Having been out of basketball the last two years after knee surgeries went bad, Pondexter came close to dying in a New York hospital in January when his organs began to fail after a MRSA infection.

Catching MRSA can often lead to death.

“It wasn’t looking good,” Pondexter said. “It was tough. I prayed. My family was there close to me. Being able to play basketball again in less than a year is crazy. It’s all God. This journey has been amazing.”

His journey took him from being in New Orleans, where his knee troubles started, to being an addition to the Bulls in a trade months ago when the Bulls picked up cash and a second-round pick from the Pelicans.

Pondexter joined high school teammate and close friend Robin Lopez on a team needing some leadership, and due to the punch Bobby Portis threw to Nikola Mirotic Tuesday afternoon, it put Pondexter in position to get on the floor as a backup power forward behind rookie Lauri Markkanen.

If the Bulls were smart, they’d probably put Pondexter in a room to talk to his teammates about his struggles, especially the two teammates who may have to share the same floor in several weeks.

“The competitive nature of our team has been really terrific and we wouldn't want to trade that for anything,” Pondexter said. “It hurts those two guys aren't here right now. But we love them and we love what they brought to this team.

“I think my age on my ID solidifies me as one of the veterans. When you do things the right way, that's what it means to be a veteran. Show up first, last one there. That's what it means to be a veteran. Establishing myself there and doing things that are right, the guys have followed and listened and embraced me and I love it.”

No word on whether Pondexter got teary-eyed when he got a breakaway steal and dunk for his first points since the 2015 playoffs, when the Pelicans were eliminated in the first round of the playoffs by the eventual champion Warriors.

“I know I’m going to get emotional on the court later on and probably tear up,” Pondexter said after the morning shootaround. “I told Robin that a thousand times. People don’t know what you’ve been through. There are a lot of times they’re not there besides your close family and friends. I appreciate them carrying me through this whole process.”

Bulls coach Fred Hoiberg can relate to Pondexter, with Hoiberg’s heart ailment cutting his career short. When the Bulls coach speaks about the frailty of the game and how precious things are in the NBA, Pondexter is living, breathing proof.

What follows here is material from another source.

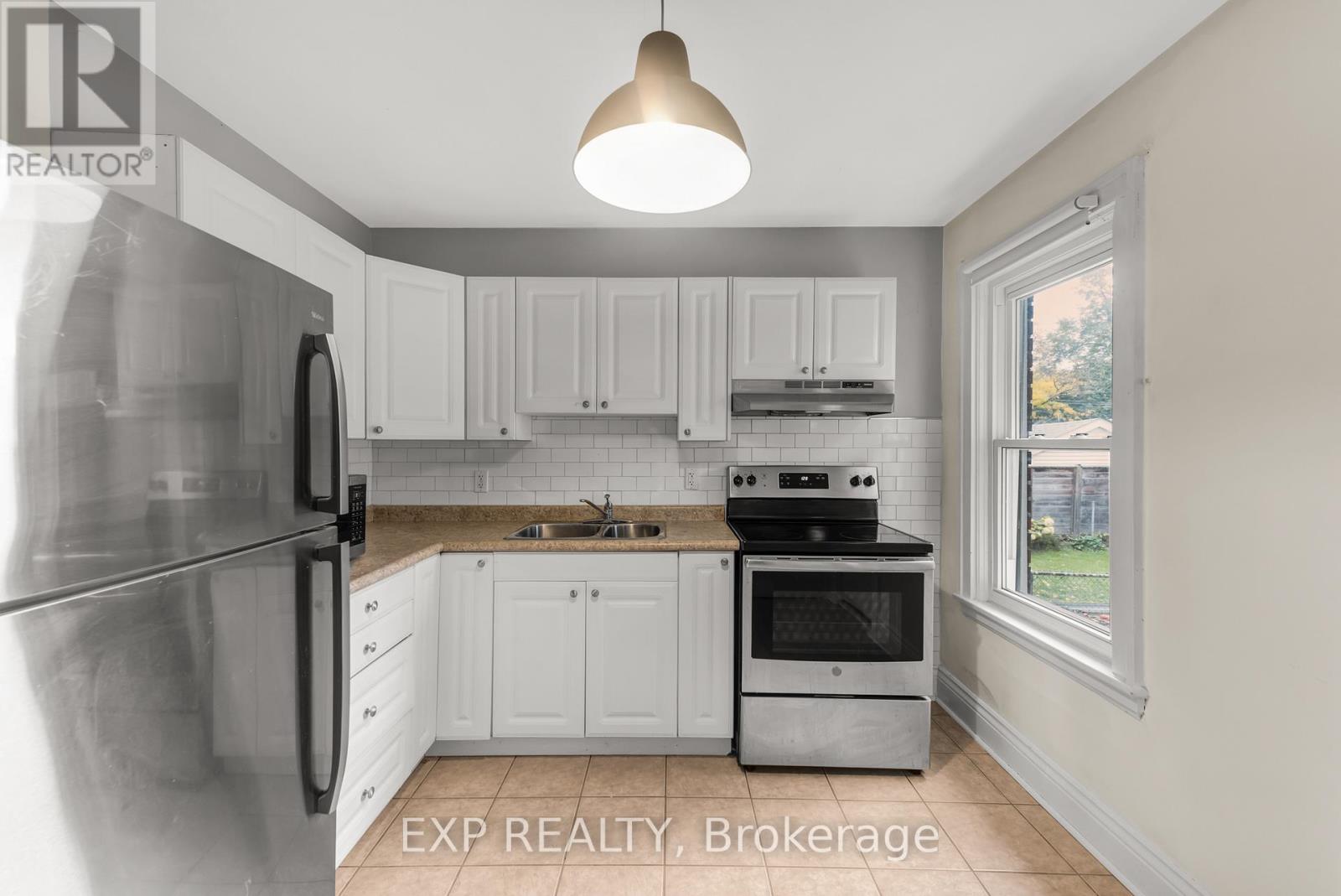 118 Mountville Avenue, Hamilton, Ontario  L9A 1E4 - Photo 7 - X12483055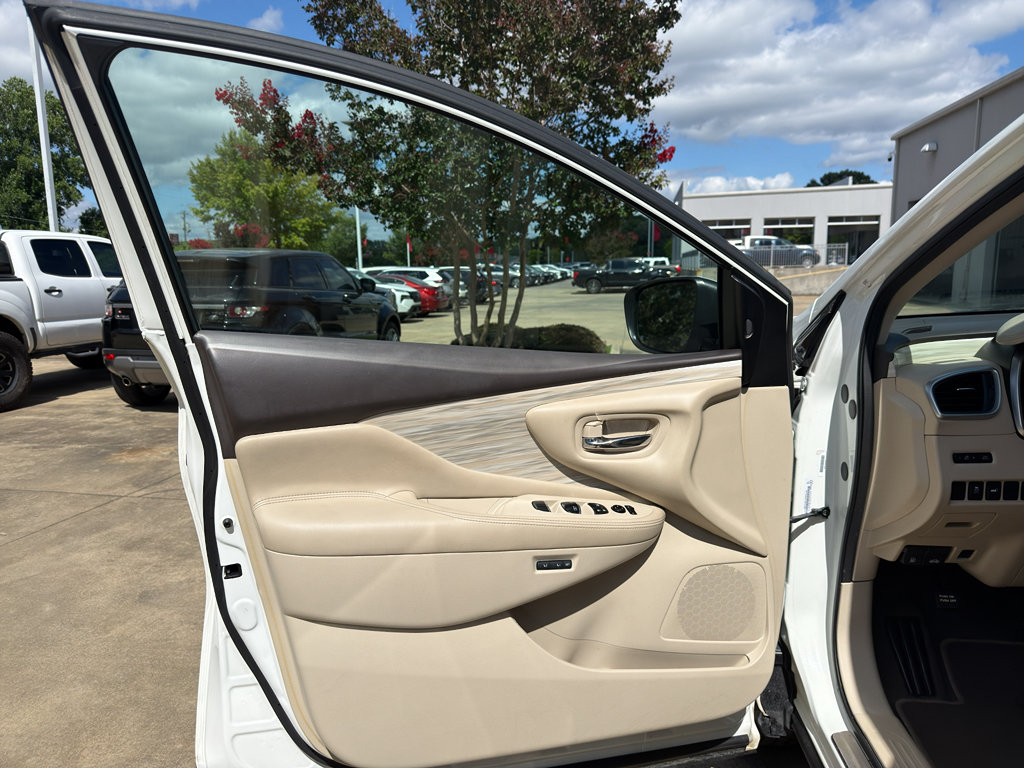 Used 2017 Nissan Murano SL w/ SL Technology Package FWD image 9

“I’m really really happy for Quincy. For a time there, his life was in danger with his infection. I know he’s really excited to get his career going again,” Hoiberg said. “I never got that opportunity to get back out there. I tell these guys to cherish it ever day. You never know when it can end. All of a sudden. For Quincy to get this chance, it’s awesome.”

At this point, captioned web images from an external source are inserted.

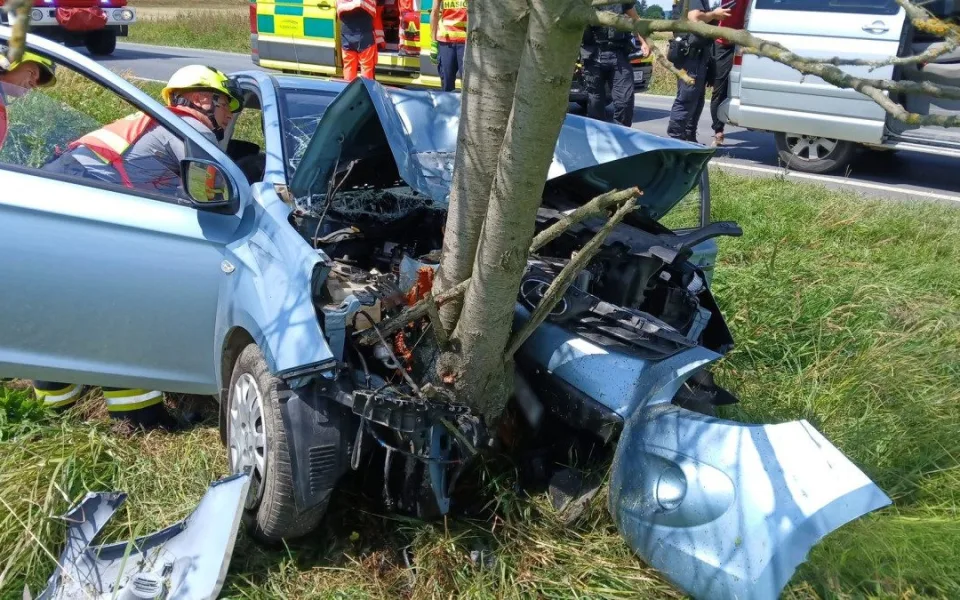 Po čelním nárazu auta do stromu se vážně zranil řidič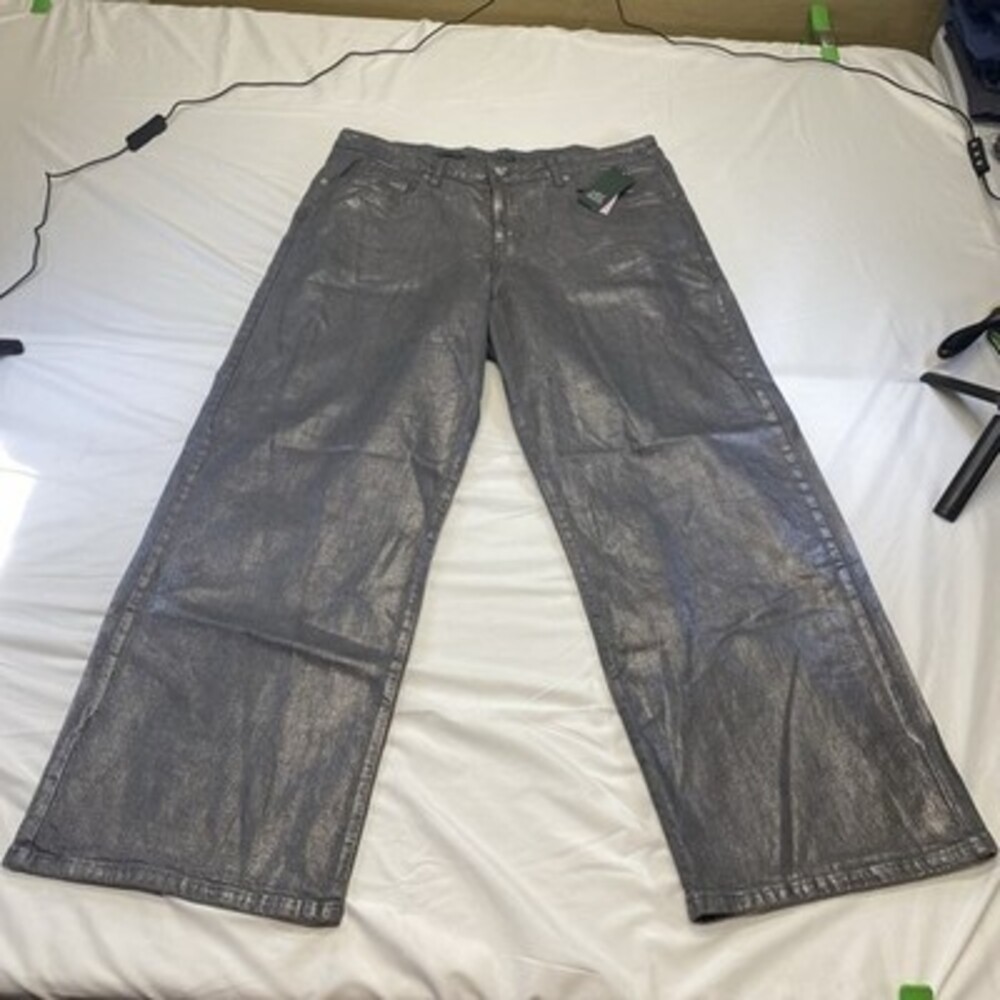 NWT Wild Fable Metallic Silver High-Rise Baggy Jeans Size 16/R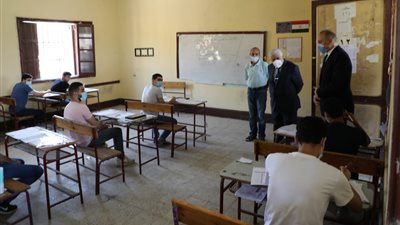 النتائج مطمئنة وإعلانها بعد 15 أغسطس.. رسائل وزير التعليم بشأن التصحيح لطلاب الثانوية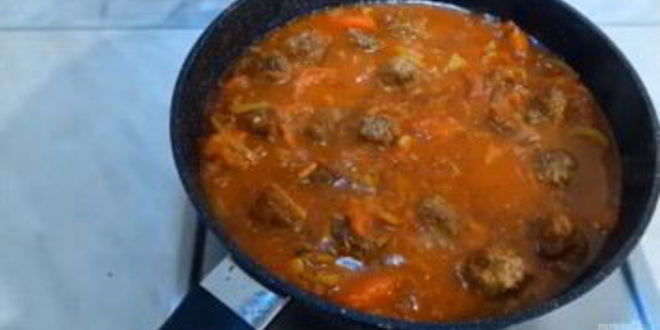 Рецепт спагетти с мясными фрикадельками в овощном соусе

Pondexter, with the straightest of faces, called basketball his “obsession” and he felt happy to get back on the floor, if even for a few minutes.

“I love it to death. It’s my life,” Pondexter said. “Basketball is what got me through it---my family and basketball. It was like, ‘How can I make this story even better? Do I quit?’ No. I watched so many inspirational movies, 'Hacksaw Ridge.' They get you through tough times because you say, ‘That’s going to be me.’ I’m going to be able to inspire someone down the road. That’s really helped me.”

A hamstring injury slowed Pondexter in training camp, which would explain his lack of explosive lift in the season opener.

No one was really sure if the Bulls would hold onto him for the season, but it’s clear he holds value beyond the box score. When he finished his media session, Lopez turned to Pondexter and said, “Now you’re stuck with me”, putting his arm around his teammate.

“Being able to play after two and a half years, it feels like hundreds of surgeries, getting traded to this organization. It's been a lot,” Pondexter said. “I wouldn't trade any of that for this moment right now and how I feel in my heart. I can't wait to get on this floor and play with my teammates and try to do something special. The journey is worth it.”